- **Supplied material**:
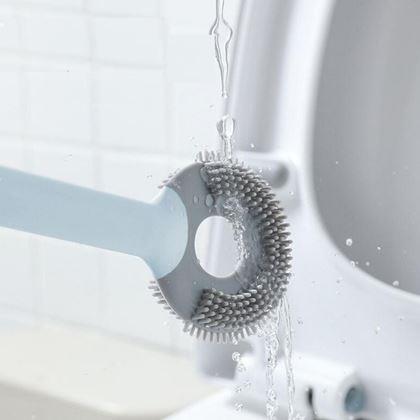 Kép valamiből Szilikon WC-kefe 2 az 1-ben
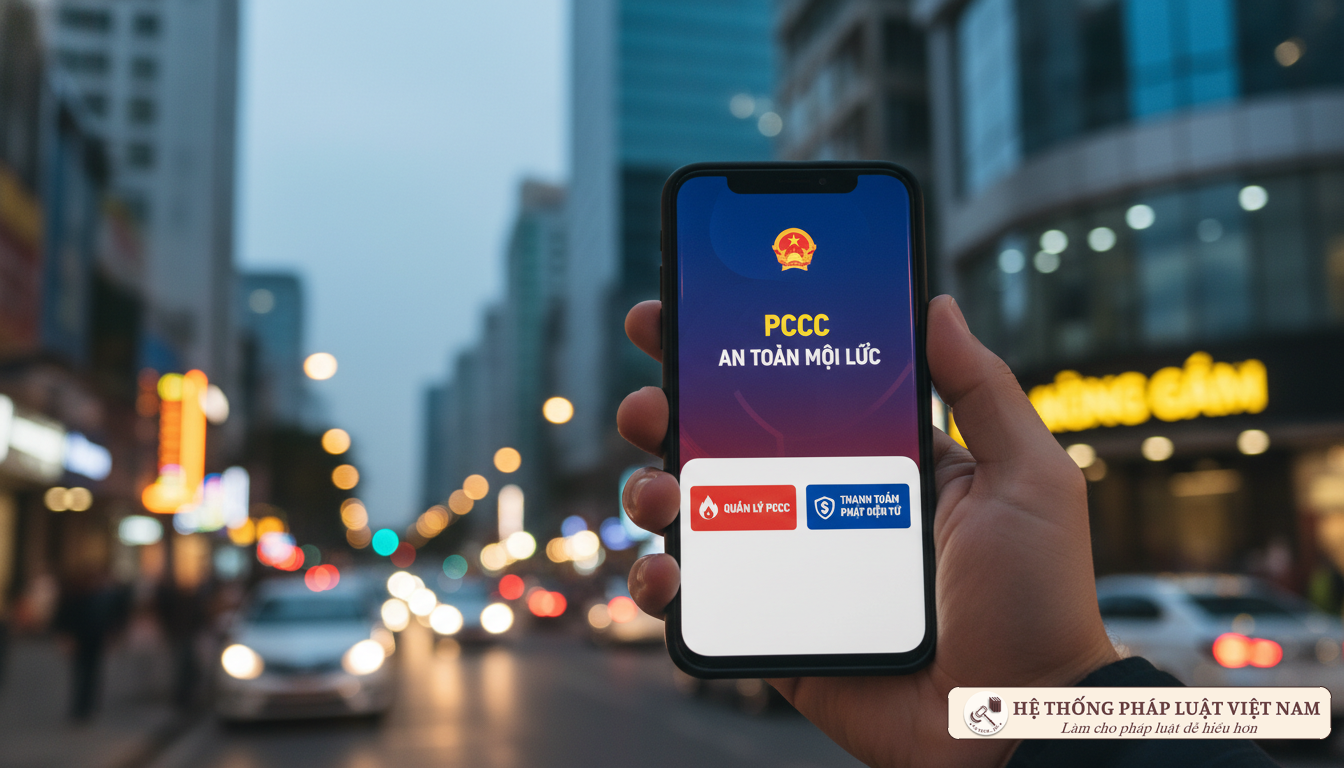 Ứng dụng di động xử phạt vi phạm PCCC trực tuyến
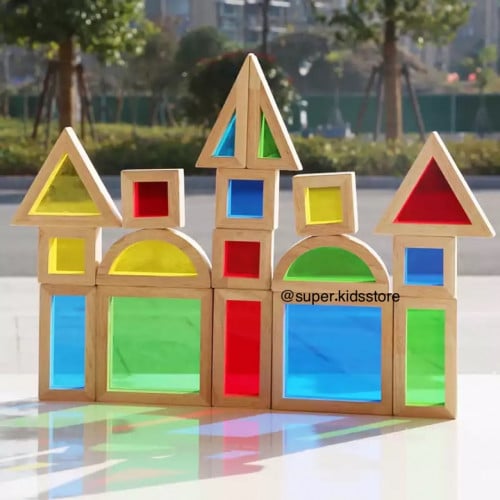 المكعبات الخشبية الملونة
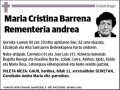 BARRENA REMENTERIA,MARIA CRISTINA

- **Task to carry out**: Every line above should be returned exactly; the pictures stay out.

- **Answer for the task**:
 Kép valamiből Szilikon WC-kefe 2 az 1-ben
 Ứng dụng di động xử phạt vi phạm PCCC trực tuyến
 المكعبات الخشبية الملونة
 BARRENA REMENTERIA,MARIA CRISTINA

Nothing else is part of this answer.